Modak can now use this data to sort out the population on the basis of caste, religion, age, gender, among other demographic information. While micro-targeting sounds good on paper from a marketing perspective, we need to remember that they have this information without the consent of the voter. Does Modak have the right to use the information scraped from the EC website to offer such services to political parties? What is the guarantee that political parties will micro-target audiences using the data only for good purposes?
From a privacy perspective, who has the rights to the data: Election Commission or the individual? Shouldn’t the Election Commission have looked at privacy issues before making this data so freely available online?
What’s even more shocking is that Modak claims this information is in public domain and it’s not clear if Election Commission ever wanted private companies to use data of all Indian citizens in such micro-targeting campaigns. Then there is also he risk of such information being added to Aadhaar or National Population Register (NPR).

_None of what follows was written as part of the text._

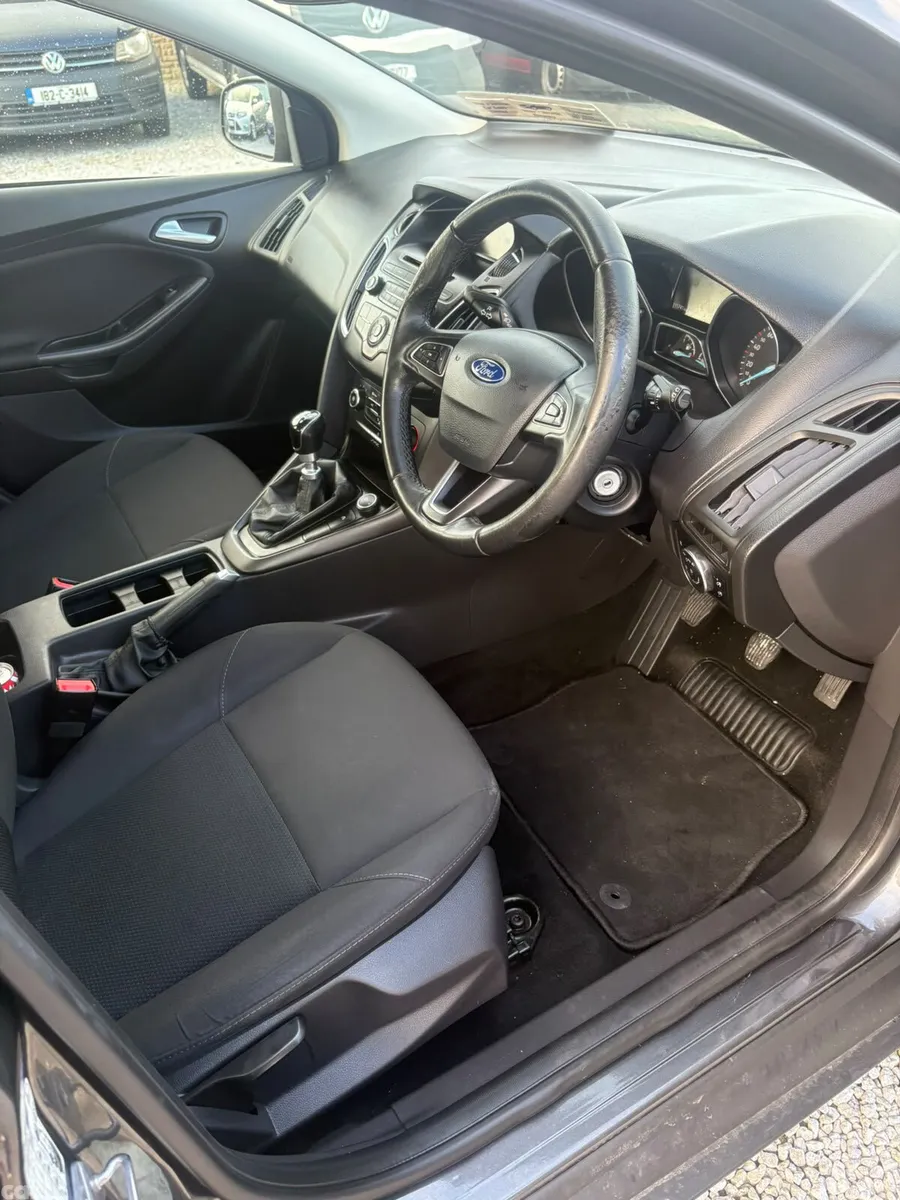 Ford Focus Hatchback, Diesel, 2016, Grey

While Aadhaar might have had several set backs there is a chance that BJP will enforce NPR, which has most of the privacy issues UIDAI’s project had.
UIDAI had said that it would only share the information that is pertinent when businesses use Aadhaar to authenticate, but with such scraped data floating around, what is the guarantee that businesses won’t link the two? If something like that happens, there is nothing you can do, since India does not have a privacy law yet.
How did they do it
Election Commission had set up a tool to search for your name or voter id and find out the voting booth assigned to you. Turns out, there was a way to use this tool to get voter rolls for every state and union territory of India. A 17-year-old developer Raghav Sood had pointed out these issues a while back on Medium. He had also written about how he managed to write a script to scrape this data from the Election Commission’s website.

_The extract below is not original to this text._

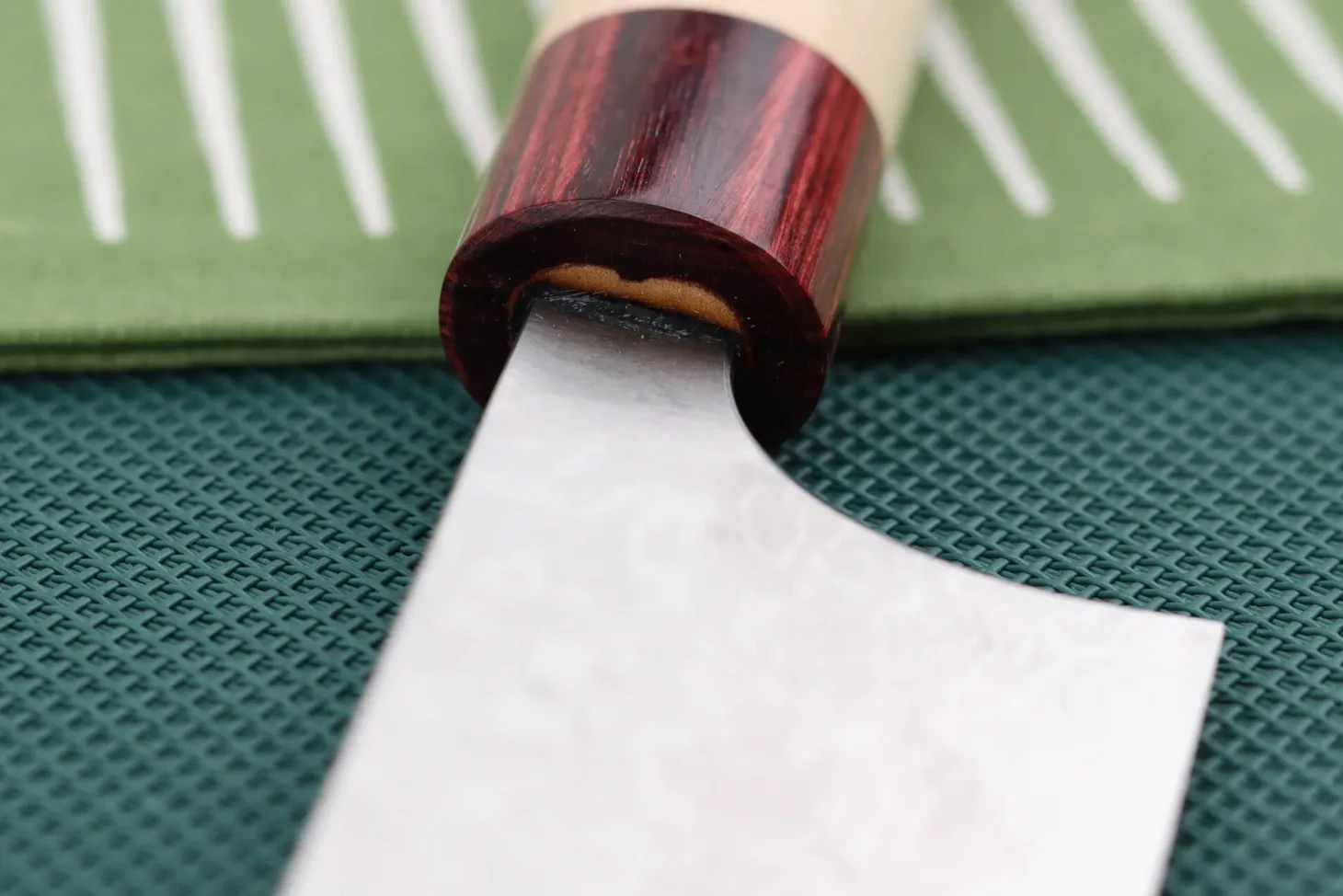 Couteau de chef japonais artisanal Masakage Kiri 18cm damas 49 couches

From the look of it, Modak Analytics also did the same thing, except they are now offering the data to companies, politicians and parties that want to use this information.

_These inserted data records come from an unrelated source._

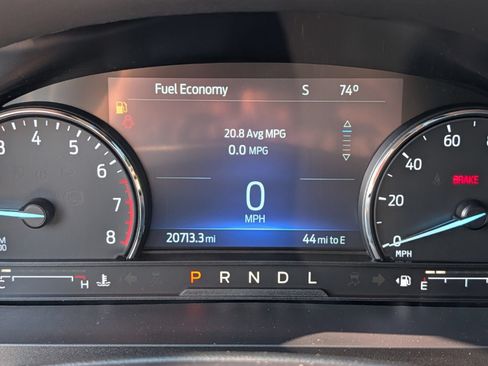 Used 2023 Ford Explorer XLT w/ Equipment Group 202A AWD/4WD image 30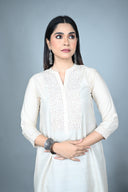 White Hand Embroidered Tassar Silk Kurta Set (Set of 2)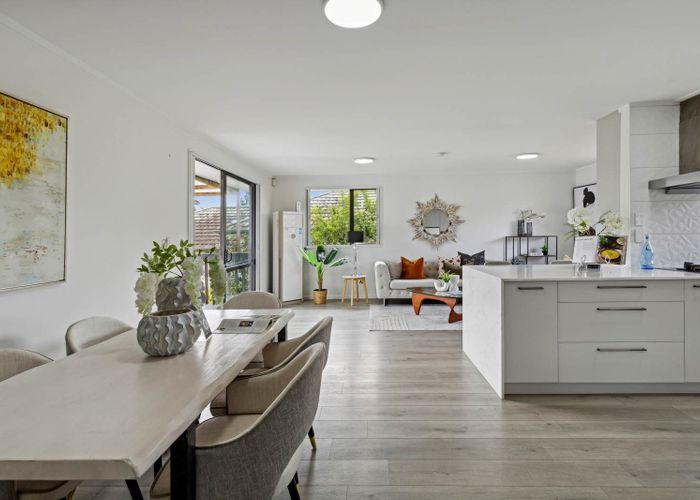  at 35 Jadewynn Drive, Massey, Waitakere City, Auckland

Who is to blame: Election Commission or Modak?
This is a question that needs to be answered now. Was it responsible of Election Commission to put up all the voter data online in a format that could be exploited by a bot? There is not even a captcha in place to stop such an activity. There is no process in the backend monitoring scraping either and these are things EC should have put in place before putting out all this information in the open.
Can we blame Modak for scraping all this data and offering services around it? Of course, but did Election Commission give the impression that the data is actually open source by not putting any security hurdles in place? How long do we have to wait before the EC decided to fix this issue or before it makes a public announcement against the use of its data for marketing purposes?